The member of the German parliament, the Bundestag, wrote the letter to Chancellor Angela Merkel shortly after his return from Cameroon. Hoffmann, a member of the Free Democratic Party (FDP), heads the parliamentary group for Central Africa. He had previously urged the German government to play a role in finding a resolution to the conflict.
Speaking to DW, Hoffmann said that he had the impression that the Cameroonian leadership and parliamentarians were coming to a realization that suppressing the Anglophone regions would not be successful. “The parliamentarians told us that a visit by Chancellor Merkel to Cameroon could ignite a dialogue process which could lead to a solution,” Hoffmann told DW. He made this request in his letter to the chancellor, urging Merkel to talk to the various stakeholders in the conflict.
While Hoffmann sees his role as one of bringing the crisis in Cameroon into the public eye, he knows that this is no easy task. “The problem was that this is a so-called inner conflict within the country, so other countries say they have to solve their problem within their country,” Hoffmann explained.
Additionally, he says, as long as the region is stable, the international community is less likely to interfere. “Europeans always think that stability is a factor and as long as there is stability, nobody turns against the regime,” he said. “Paul Biya was for a long time a guarantee for stability in Cameroon and Cameroon is still a stable country. But it’s on the brink of a humanitarian crisis.”
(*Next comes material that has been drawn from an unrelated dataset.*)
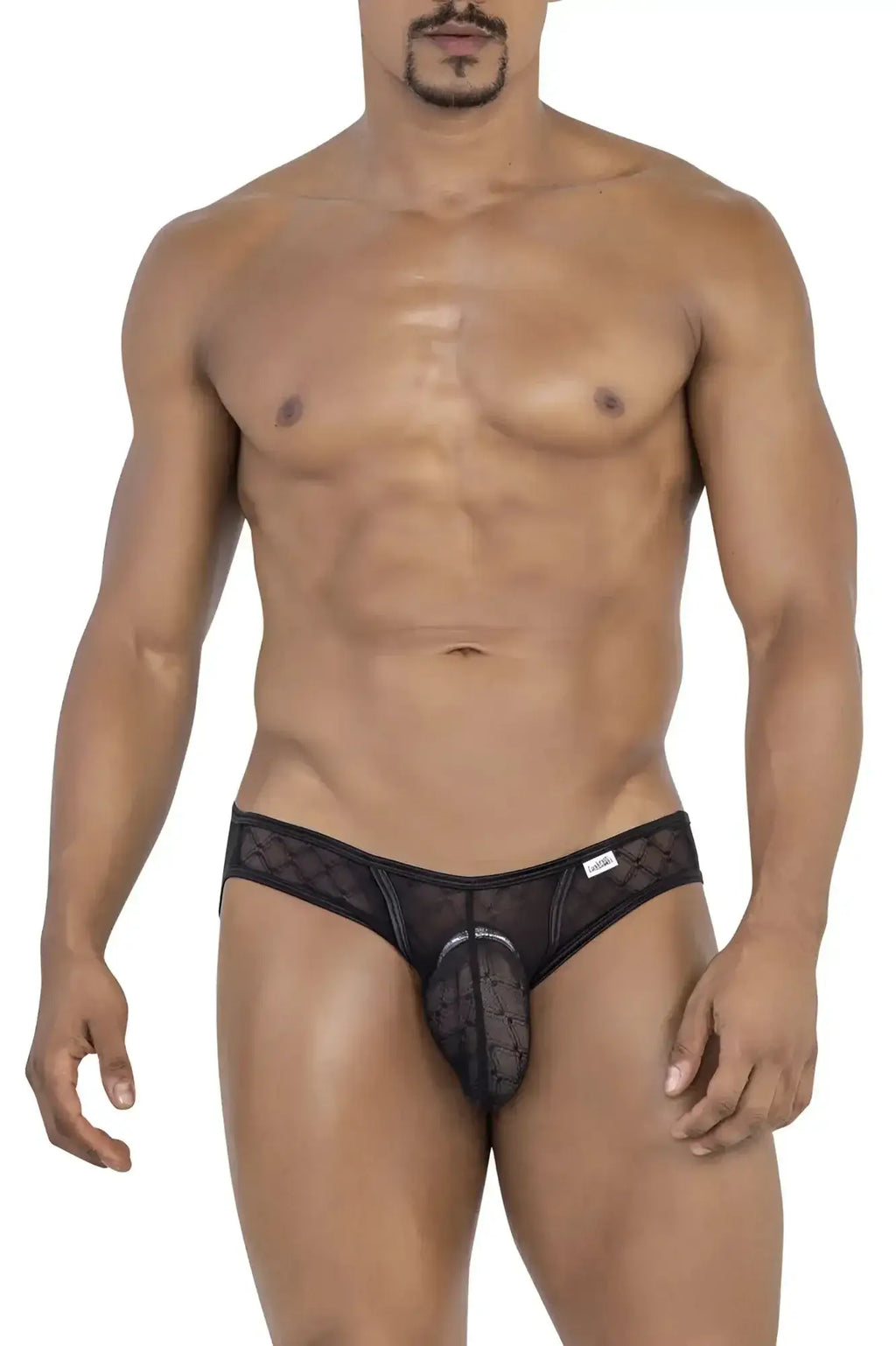 Black candyMan 99812 mesh briefs thong with sheer mesh design and open front detailing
Now, however, Hoffmann sees an opportunity in the German government’s declared willingness to deal with its colonial past. “This could be a good contribution if the German chancellor wanted to go there — not just for a dialogue, but also to honor the people of Cameroon in general,” Hoffmann said.
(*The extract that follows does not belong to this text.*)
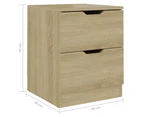 vidaXL Bedside Cabinets 2 pcs Sonoma Oak 40x40x50 cm Engineered Wood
The conflict, which flared up in 2016, started as a number of protests by teachers and lawyers over the superiority of French in the bilingual country. It has since developed into a full-blown crisis with clashes between government security forces and separatist groups who have been calling for an independent state in the southwest and northwest Anglophone regions. Over 200 villages have been burnt and thousands killed. Over 500,000 people have had to flee their homes, 780,000 children are no longer in school and 1.3 million people are in need of humanitarian aid.